When, last fall, I received a letter from Phil Rogers, our reunion chairman, asking me if I would serve as the annalist, I replied that I was wary of flaunting the gods by assuming that I would be alive in October 1980. Phil assured me that he had conferred with said gods and that a reprieve had been granted, so I accepted.
What a fun task it has been! In preparation, Phil had written to the living members of our class, inviting all to write me with suggestions of items that might be included in the annals. About 10 percent of those written to responded — a statistic obviously meant to obscure the fact that the number was small! But to all seven I say thank you, both for the inspiration to nostalgia and for various items, which will interlard my remarks.

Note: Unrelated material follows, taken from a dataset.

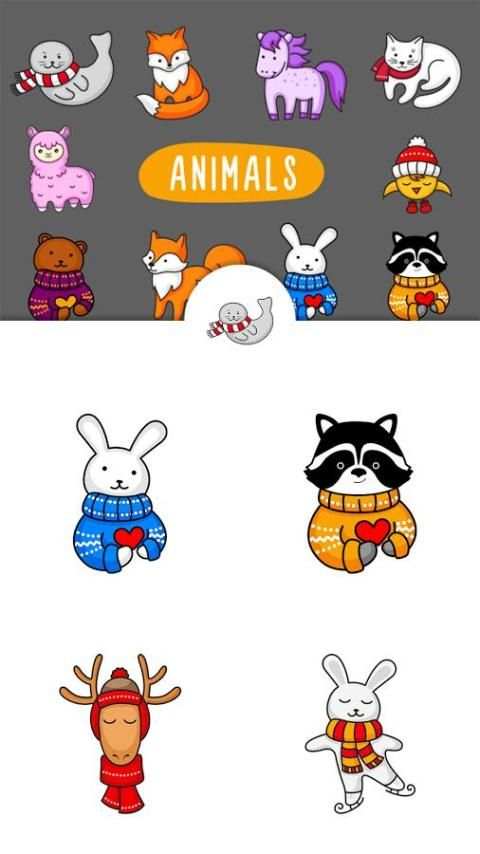 Cartoon Fairy Tale Stickers скриншот 4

In August I spent three days on the Hill, where Frank Lorenz, research librarian of the Burke Library, extended himself far beyond the call of duty to provide me with the documents and publications I wanted to explore. So… I wandered the campus, imagined at night I could hear the forlorn clanging of metal against the flagpole that used to be located somewhere between Chi Psi Lodge and the Chapel… dug out the moss obscuring the inscription on Professor Fancher’s gravestone (feeling very virtuous and powerful in thus extending earthly immortality)… and sat for many pleasant hours in the library reading the letters of former annalists (begun as letters to the Alumni Association, by the way), Hamilton Life, The Hamilton Literary Review and various issues of the annual catalogue of the College.
Hamilton Life was a particularly vivid source of information about what we were like then and about at least the reportable life we led on the Hill. What were we like? I quote:
“Some… looked upon… studying… as a menial and degrading business, and proof positive of the deficiency of intellect… Some studied hard and couldn’t learn; others studied not at all and didn’t learn;… Some learned well in spite of obstacles; others learned but little and ever seemed afraid to engage in the battle of the human life, and were never happy.”
Of the 135 men in the freshman class, 69 are alive. Ninety-three of the 135 were graduated in 1930. Obviously that was not written about us, the Class of 1930! No… that was the class of 1816 (all 23 of them) as described by David Jewett Baker in his annalist’s letter of 1866! We, on the other hand, are described in different terms in an editorial in the Oct. 5, 1926, issue of Hamilton Life. The editorial begins by commenting upon the dormitory problems caused by the influx of 175 freshmen. (Hi Palmer attests to this fact that he and Walt Sherman slept the first two nights on a pool table, because no housing arrangements had been made for them.) But then the editorial continues with an enlightening — and enlightened — explanation. The Class of ’30 had been more stringently selected that any preceding class. No one was admitted who had been in the lowest one third of his class. And furthermore, “certificates of character” were required. The editorial ends by warning the College not to raise the academic standards too high or else it might become a place for “spineless intellectuals!”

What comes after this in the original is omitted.